# Problem statement
From the line that contains "Okay, today we're" down to the last line of the data below, restate every line word for word, skipping any images.

-=-=-

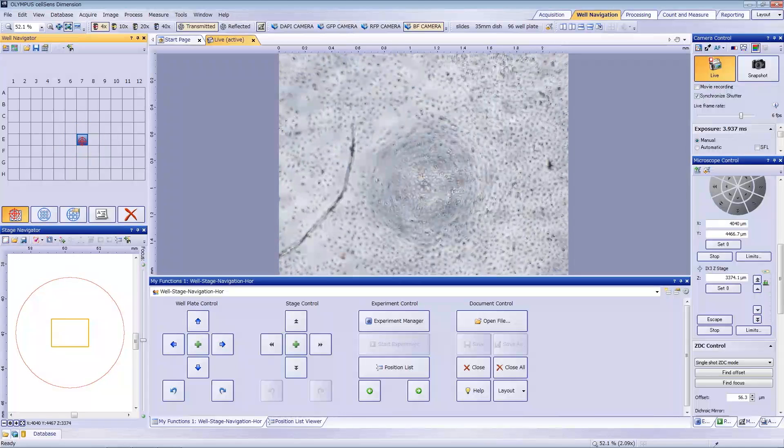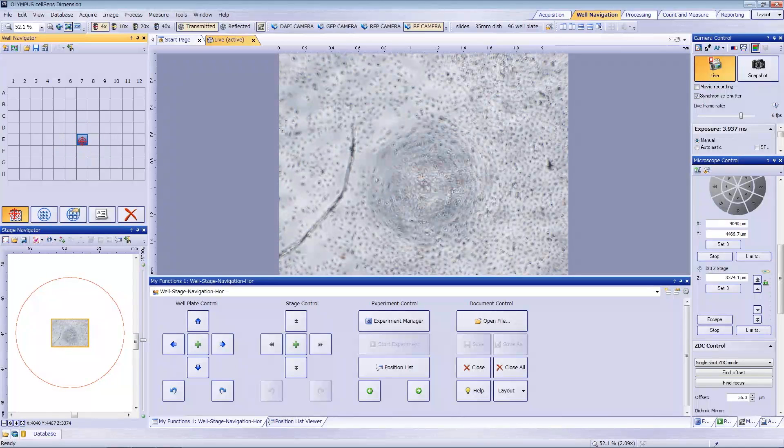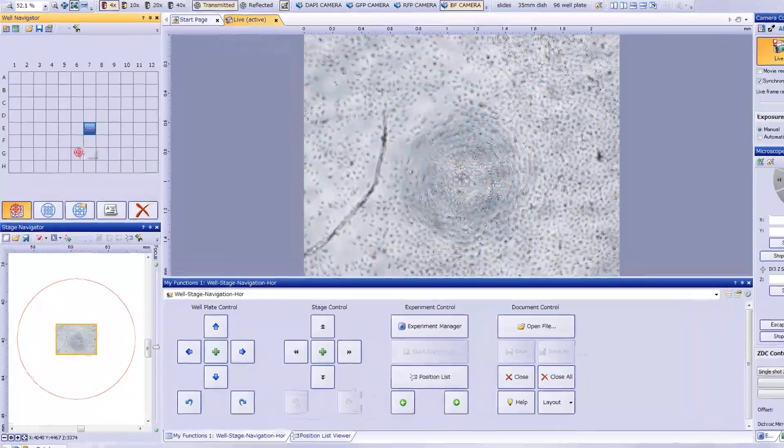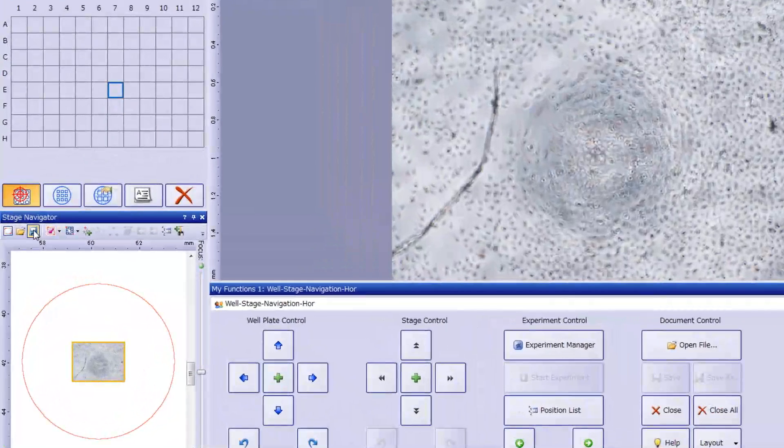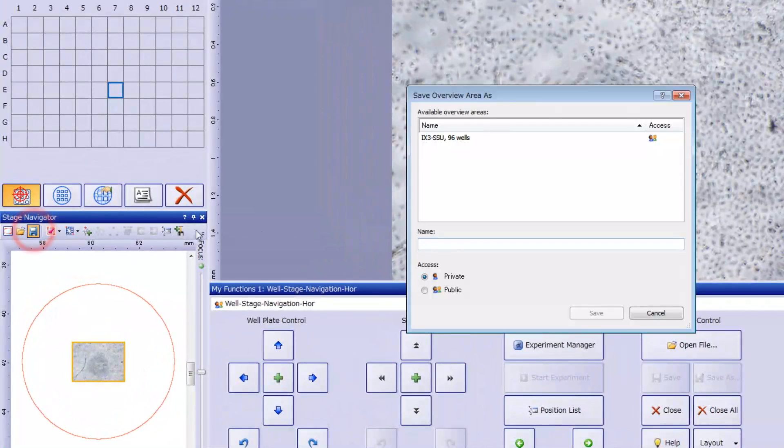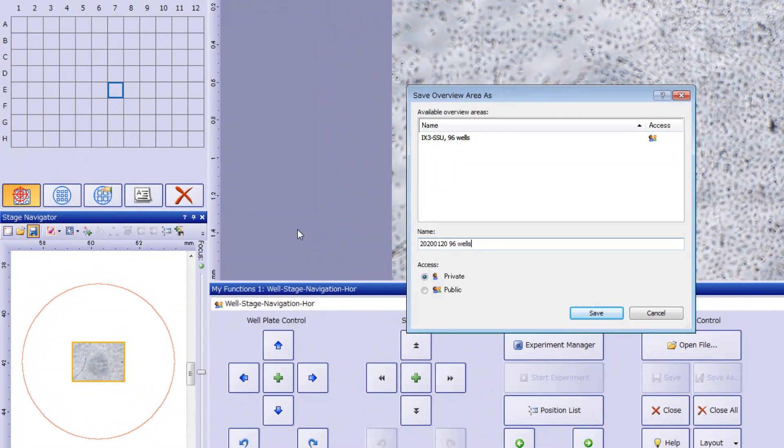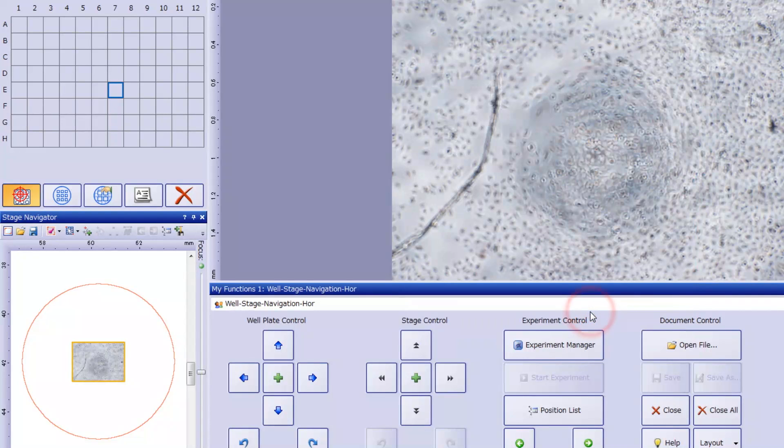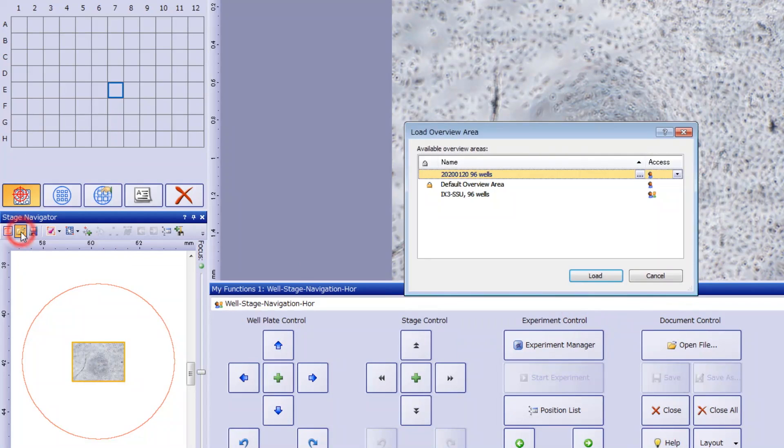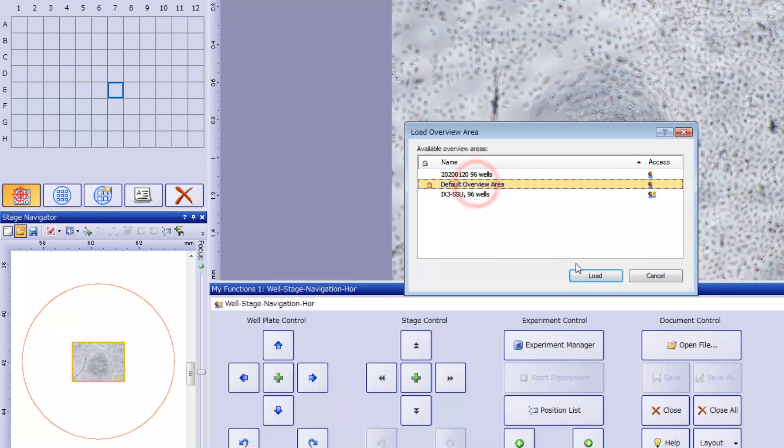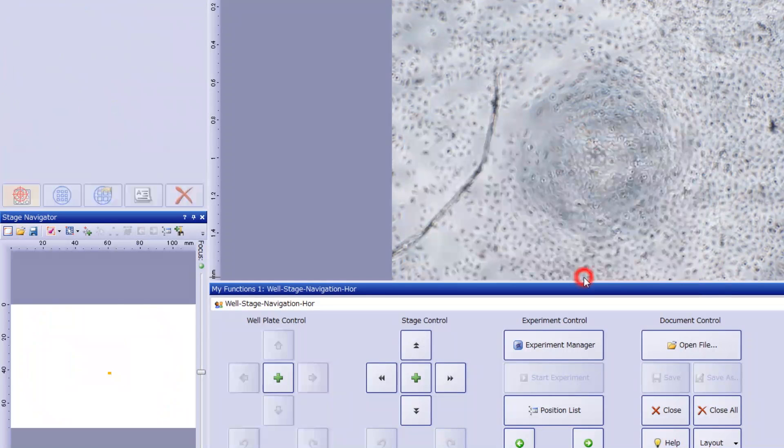For added convenience, you can save your current calibration as an overview area. You can register a variety of wellplate types and load them anytime, so you don't need to repeat the calibration process each time you use the well navigator.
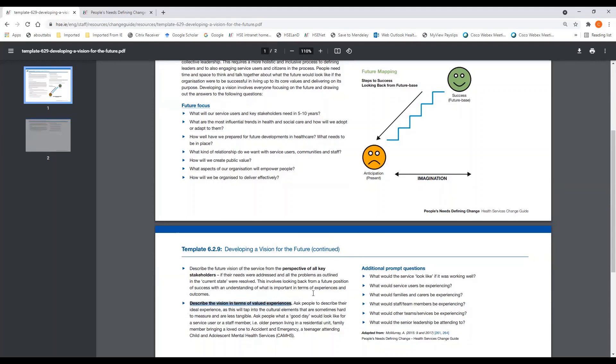Describe the vision in terms of valued experiences. Ask people to describe their ideal experience, as this will tap into cultural elements that are sometimes hard to measure and less tangible. We've set out some additional prompt questions.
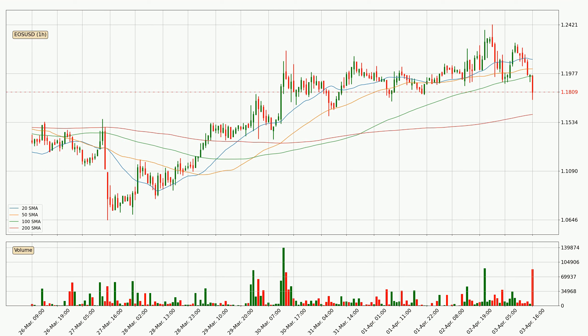Nevertheless, if there were to be a decisive downward dip, it will signal a possible big move down.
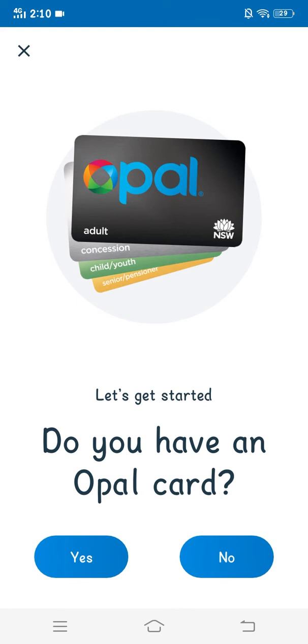So if you have your Opal card, you have to click on yes, and if you don't, you have to click on no.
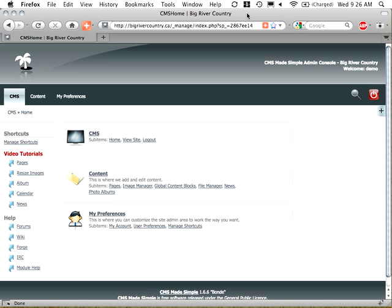Okay, today we're going to take a look at doing some editing using the TinyMCE plugin editor with CMS Made Simple. We're going to look at some of the key functions that you're most likely to perform with that.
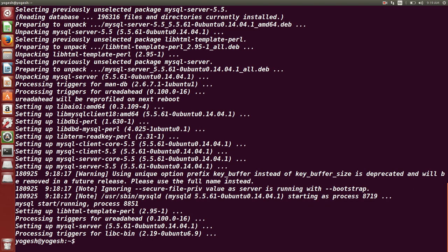It is done. Now MySQL database is installed successfully.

-=-=-

# Answer section
Okay, today we're going to take a look at doing some editing using the TinyMCE plugin editor with CMS Made Simple. We're going to look at some of the key functions that you're most likely to perform with that.
It is done. Now MySQL database is installed successfully.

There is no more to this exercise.